BMC Med Educ. 2025 Oct 2;25(1):1303. doi: 10.1186/s12909-025-07899-w.
ABSTRACT
BACKGROUND: Ultrasound-guided vascular access (USGVA) is an essential clinical skill, but novice learners often face difficulties in interpreting ultrasound images and achieving spatial alignment during procedures. To address this challenge, we hypothesized that using a reversed screen orientation could facilitate the learning process. Reversed screen orientation refers to an ultrasound image flipped in the transverse plane, producing a top-to-bottom mirror image by activating the “reverse” function on the ultrasound (US) device. We assumed that this configuration might help align the visual trajectory of the needle with the user’s hand movements, potentially easing spatial perception during the early stages of learning.
METODS: The study was conducted in the Anatomy Laboratory of Ordu University Medical Faculty with 60 final-year medical students with no prior US experience. Participants were randomly divided into two groups (A and B), who performed femoral vein needle punctures on cadavers under US guidance with standard (Group A) and reverse (Group B) screen. Each group used both screen orientations across two attempts. Before the procedure, students received theoretical training. Data collected included demographic information, needle visibility, procedure duration, success rates, and complications. Statistical analyses were performed using Statistical Package for the Social Sciences (SPSS), and significance was set at p < 0.05.

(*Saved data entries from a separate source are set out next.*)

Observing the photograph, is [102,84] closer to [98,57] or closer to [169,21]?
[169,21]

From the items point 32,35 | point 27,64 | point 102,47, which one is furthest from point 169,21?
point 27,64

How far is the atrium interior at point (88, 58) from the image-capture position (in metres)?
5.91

RESULTS: The results showed no significant differences in age or sex distribution between groups. In the first attempt, 83.3% of participants with posterior wall penetration were in Group A (standard screen orientation). Needle visualibity score was higher in Group B (reversed screen orientation). The perceived ease of the procedure showed a significant difference in favor of Group B in the second attempt. Overall, while the success rates and time taken were similar between groups, Group B exhibited improved needle visualization and fewer complications related to posterior wall penetration.

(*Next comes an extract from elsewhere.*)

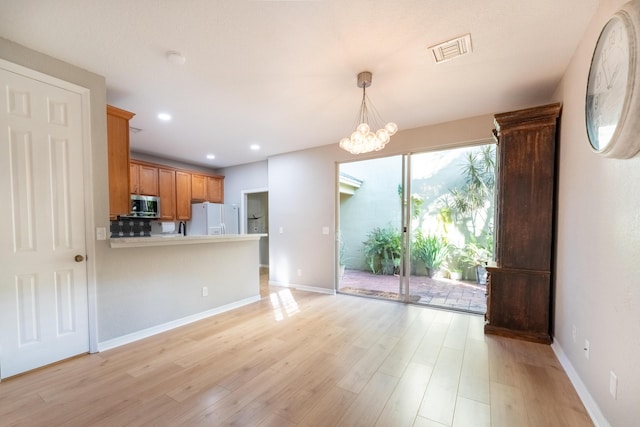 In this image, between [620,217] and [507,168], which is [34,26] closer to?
[620,217]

DISCUSSION: The findings indicate that reversed screen orientation may facilitate learning and enhance procedural outcomes in USGVA. This orientation aligns better with the spatial perception of needle movement, potentially improving hand-eye coordination. The study supports the integration of reversed screen techniques in US training to improve skill acquisition and reduce complication rates in vascular access procedures. However, limitations include the study being conducted at a single center and using only one cadaver, which may affect the generalizability of results. Future research should explore long-term effects and further validate these findings in diverse clinical settings.